Exercise brief. Reproduce from the records below, with no pictures, exactly the lines between the one containing "EOCR - Electronic" and the one containing "Homewood Suites Phoenix", inclusive.

Working data.
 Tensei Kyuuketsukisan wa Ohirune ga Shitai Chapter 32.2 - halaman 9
==
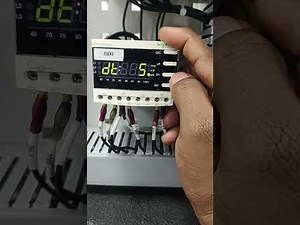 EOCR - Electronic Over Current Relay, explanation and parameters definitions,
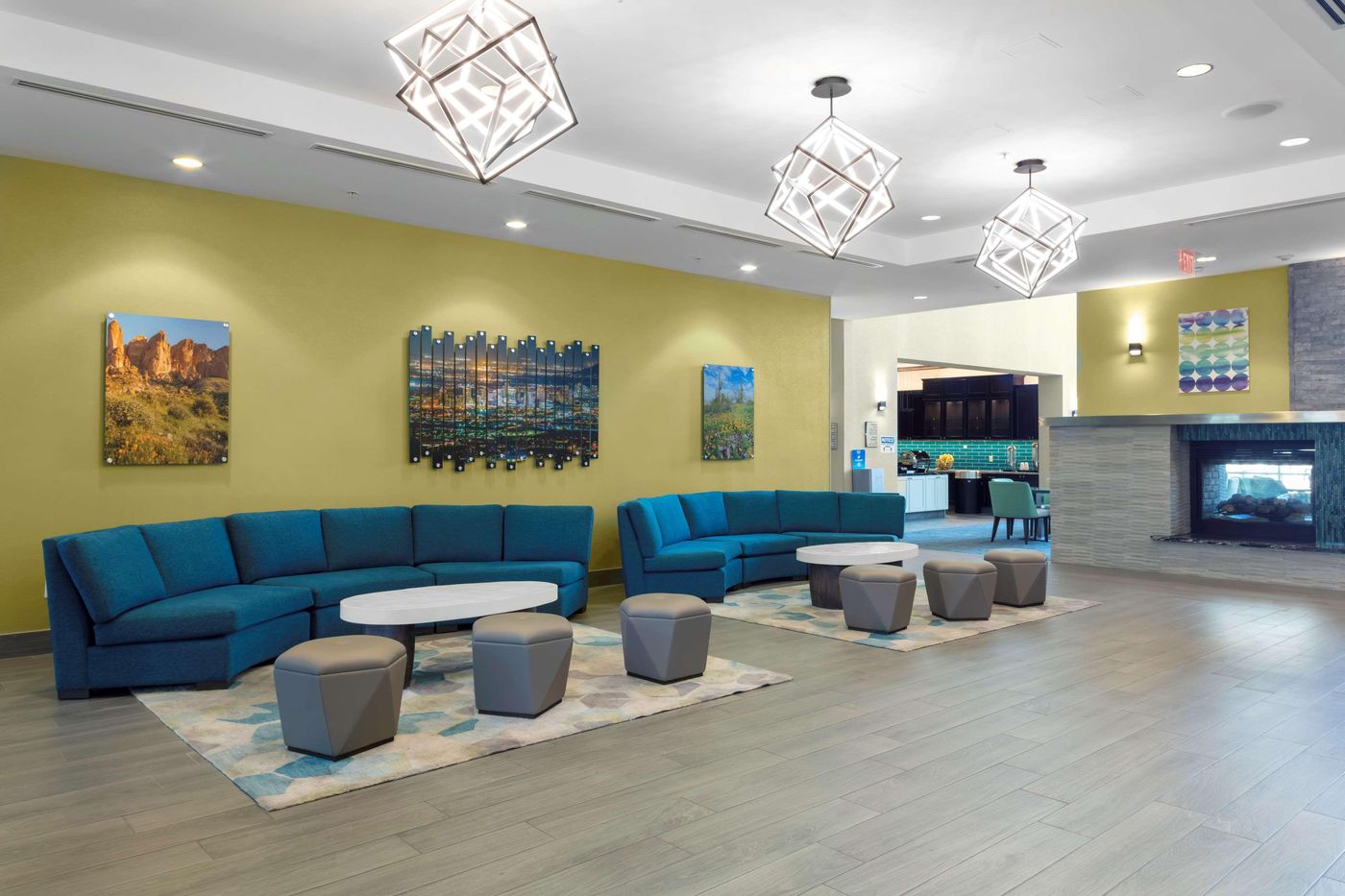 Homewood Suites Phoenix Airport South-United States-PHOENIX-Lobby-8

Response.
 EOCR - Electronic Over Current Relay, explanation and parameters definitions,
 Homewood Suites Phoenix Airport South-United States-PHOENIX-Lobby-8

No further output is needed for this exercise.